» **WORK ORDER**: Given the records below, would you repeat exactly the lines that begin at the one containing "Eaux-Vives - Incantevole" and end at the one containing "每天要抽三袋土烟,120岁的农村老太依然身体康健,儿孙满堂", inclusive?
━━━━━━━━━━━━━━━━
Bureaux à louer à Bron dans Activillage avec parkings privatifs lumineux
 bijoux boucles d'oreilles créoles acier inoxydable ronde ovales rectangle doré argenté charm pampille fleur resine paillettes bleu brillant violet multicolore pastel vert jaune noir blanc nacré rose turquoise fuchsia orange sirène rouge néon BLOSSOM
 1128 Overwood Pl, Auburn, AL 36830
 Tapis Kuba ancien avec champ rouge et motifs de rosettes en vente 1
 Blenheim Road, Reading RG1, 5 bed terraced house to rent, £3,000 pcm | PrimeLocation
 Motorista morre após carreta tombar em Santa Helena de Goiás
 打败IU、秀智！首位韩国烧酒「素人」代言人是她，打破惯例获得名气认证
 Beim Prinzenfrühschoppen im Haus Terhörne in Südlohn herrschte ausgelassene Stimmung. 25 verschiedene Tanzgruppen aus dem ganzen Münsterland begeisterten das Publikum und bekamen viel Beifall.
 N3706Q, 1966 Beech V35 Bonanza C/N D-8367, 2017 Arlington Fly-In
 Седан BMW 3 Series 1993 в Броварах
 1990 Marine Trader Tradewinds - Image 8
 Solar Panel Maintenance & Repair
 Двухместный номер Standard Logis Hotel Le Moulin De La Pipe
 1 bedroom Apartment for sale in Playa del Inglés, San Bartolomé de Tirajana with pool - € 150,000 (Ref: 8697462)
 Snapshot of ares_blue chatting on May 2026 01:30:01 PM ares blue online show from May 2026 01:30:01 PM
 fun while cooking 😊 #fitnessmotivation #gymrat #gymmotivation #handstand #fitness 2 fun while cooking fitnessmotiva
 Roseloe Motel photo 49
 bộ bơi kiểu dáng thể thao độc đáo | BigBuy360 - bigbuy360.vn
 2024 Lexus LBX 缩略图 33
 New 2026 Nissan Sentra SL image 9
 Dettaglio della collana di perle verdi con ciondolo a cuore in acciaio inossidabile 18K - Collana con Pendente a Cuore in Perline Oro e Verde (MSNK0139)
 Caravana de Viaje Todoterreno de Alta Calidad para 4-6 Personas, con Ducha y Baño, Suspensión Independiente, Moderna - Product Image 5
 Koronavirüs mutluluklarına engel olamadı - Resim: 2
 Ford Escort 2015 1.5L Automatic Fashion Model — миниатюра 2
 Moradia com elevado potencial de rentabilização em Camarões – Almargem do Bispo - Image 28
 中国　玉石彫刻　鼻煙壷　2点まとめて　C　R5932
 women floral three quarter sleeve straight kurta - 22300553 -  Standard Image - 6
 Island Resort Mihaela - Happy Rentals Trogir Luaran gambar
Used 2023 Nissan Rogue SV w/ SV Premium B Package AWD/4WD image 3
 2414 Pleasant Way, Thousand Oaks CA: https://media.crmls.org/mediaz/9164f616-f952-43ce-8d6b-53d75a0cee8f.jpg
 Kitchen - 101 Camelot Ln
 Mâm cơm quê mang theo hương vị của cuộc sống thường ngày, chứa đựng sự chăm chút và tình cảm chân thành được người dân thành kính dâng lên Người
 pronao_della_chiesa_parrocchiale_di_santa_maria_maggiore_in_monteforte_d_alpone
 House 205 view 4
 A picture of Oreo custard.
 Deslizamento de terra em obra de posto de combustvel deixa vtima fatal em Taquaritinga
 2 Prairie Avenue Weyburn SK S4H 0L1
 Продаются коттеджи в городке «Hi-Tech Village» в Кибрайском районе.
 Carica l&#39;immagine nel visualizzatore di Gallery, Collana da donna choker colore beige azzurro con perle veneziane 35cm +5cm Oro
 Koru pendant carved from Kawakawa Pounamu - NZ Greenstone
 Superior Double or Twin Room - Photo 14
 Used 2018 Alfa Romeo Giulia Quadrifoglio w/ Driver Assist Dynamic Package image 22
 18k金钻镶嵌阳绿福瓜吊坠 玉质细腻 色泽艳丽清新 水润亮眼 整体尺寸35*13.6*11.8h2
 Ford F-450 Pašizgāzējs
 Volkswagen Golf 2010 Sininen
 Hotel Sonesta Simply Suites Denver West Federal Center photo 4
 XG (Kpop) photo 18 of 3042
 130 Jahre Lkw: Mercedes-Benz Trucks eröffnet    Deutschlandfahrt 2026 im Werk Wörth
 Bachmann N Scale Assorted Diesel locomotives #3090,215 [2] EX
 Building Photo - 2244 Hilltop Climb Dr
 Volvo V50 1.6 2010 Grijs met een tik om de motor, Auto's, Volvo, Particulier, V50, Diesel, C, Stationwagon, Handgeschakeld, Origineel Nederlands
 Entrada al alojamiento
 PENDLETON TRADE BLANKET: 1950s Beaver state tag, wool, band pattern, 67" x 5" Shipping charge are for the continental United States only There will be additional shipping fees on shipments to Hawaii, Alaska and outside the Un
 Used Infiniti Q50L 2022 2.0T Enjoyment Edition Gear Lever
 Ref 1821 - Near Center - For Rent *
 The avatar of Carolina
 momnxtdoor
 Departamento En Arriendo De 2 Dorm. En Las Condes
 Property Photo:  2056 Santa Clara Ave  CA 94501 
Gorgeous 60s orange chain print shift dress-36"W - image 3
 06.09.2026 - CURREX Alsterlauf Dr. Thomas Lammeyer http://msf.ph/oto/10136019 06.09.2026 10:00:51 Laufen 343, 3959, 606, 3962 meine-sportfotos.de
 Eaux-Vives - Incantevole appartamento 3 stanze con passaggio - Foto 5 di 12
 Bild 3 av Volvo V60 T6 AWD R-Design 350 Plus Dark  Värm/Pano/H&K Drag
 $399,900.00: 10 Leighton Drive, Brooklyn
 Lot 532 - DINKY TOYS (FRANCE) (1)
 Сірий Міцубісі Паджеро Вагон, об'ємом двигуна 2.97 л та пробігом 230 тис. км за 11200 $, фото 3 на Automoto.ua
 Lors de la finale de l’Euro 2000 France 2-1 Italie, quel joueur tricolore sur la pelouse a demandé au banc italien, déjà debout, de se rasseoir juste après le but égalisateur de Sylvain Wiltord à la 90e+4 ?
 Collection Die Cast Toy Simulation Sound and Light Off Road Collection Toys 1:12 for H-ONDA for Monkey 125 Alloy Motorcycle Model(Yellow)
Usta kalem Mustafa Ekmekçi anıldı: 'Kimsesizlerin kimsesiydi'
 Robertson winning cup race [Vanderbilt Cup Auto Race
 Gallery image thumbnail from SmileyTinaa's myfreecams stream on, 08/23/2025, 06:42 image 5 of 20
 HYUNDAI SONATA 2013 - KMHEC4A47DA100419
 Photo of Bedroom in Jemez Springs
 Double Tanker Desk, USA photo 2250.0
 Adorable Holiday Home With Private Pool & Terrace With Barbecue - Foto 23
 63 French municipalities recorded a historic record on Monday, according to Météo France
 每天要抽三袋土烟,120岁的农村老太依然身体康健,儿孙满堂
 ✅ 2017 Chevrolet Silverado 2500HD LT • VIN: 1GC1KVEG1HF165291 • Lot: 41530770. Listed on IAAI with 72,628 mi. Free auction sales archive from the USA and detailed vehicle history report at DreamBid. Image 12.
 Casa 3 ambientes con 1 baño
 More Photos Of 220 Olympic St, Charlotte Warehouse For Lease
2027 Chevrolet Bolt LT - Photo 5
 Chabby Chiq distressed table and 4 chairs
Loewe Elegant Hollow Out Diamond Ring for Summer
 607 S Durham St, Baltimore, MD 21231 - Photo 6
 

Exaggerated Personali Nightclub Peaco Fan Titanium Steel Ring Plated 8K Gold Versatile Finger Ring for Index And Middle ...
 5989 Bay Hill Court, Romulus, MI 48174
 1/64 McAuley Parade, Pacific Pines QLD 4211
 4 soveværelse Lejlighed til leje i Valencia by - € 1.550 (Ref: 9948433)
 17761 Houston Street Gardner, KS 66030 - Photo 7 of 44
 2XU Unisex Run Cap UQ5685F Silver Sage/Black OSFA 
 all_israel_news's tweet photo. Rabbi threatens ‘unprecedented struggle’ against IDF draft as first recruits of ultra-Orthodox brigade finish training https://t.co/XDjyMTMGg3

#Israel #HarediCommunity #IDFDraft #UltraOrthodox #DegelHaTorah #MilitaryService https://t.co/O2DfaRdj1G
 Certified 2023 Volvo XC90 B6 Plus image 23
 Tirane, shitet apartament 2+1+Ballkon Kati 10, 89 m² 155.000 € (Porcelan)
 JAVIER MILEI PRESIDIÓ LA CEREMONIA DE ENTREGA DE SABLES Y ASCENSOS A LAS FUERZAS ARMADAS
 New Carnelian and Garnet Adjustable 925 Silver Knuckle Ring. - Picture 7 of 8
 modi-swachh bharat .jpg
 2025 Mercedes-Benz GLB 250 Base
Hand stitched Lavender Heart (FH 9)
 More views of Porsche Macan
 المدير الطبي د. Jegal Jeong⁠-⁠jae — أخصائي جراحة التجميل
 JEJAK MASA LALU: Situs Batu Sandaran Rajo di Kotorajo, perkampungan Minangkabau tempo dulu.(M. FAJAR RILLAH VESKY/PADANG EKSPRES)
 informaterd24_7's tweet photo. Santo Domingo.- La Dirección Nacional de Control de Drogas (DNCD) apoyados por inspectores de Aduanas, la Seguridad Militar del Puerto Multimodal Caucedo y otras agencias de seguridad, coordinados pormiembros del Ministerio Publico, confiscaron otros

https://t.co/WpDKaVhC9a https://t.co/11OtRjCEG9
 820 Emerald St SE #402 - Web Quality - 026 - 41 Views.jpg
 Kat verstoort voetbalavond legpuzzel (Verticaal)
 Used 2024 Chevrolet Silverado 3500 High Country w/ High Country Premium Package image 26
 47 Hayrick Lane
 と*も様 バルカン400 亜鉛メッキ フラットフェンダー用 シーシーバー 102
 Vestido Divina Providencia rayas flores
━━━━━━━━━━━━━━━━
» **ANSWER SPACE**:
 Eaux-Vives - Incantevole appartamento 3 stanze con passaggio - Foto 5 di 12
 Bild 3 av Volvo V60 T6 AWD R-Design 350 Plus Dark  Värm/Pano/H&K Drag
 $399,900.00: 10 Leighton Drive, Brooklyn
 Lot 532 - DINKY TOYS (FRANCE) (1)
 Сірий Міцубісі Паджеро Вагон, об'ємом двигуна 2.97 л та пробігом 230 тис. км за 11200 $, фото 3 на Automoto.ua
 Lors de la finale de l’Euro 2000 France 2-1 Italie, quel joueur tricolore sur la pelouse a demandé au banc italien, déjà debout, de se rasseoir juste après le but égalisateur de Sylvain Wiltord à la 90e+4 ?
 Collection Die Cast Toy Simulation Sound and Light Off Road Collection Toys 1:12 for H-ONDA for Monkey 125 Alloy Motorcycle Model(Yellow)
Usta kalem Mustafa Ekmekçi anıldı: 'Kimsesizlerin kimsesiydi'
 Robertson winning cup race [Vanderbilt Cup Auto Race
 Gallery image thumbnail from SmileyTinaa's myfreecams stream on, 08/23/2025, 06:42 image 5 of 20
 HYUNDAI SONATA 2013 - KMHEC4A47DA100419
 Photo of Bedroom in Jemez Springs
 Double Tanker Desk, USA photo 2250.0
 Adorable Holiday Home With Private Pool & Terrace With Barbecue - Foto 23
 63 French municipalities recorded a historic record on Monday, according to Météo France
 每天要抽三袋土烟,120岁的农村老太依然身体康健,儿孙满堂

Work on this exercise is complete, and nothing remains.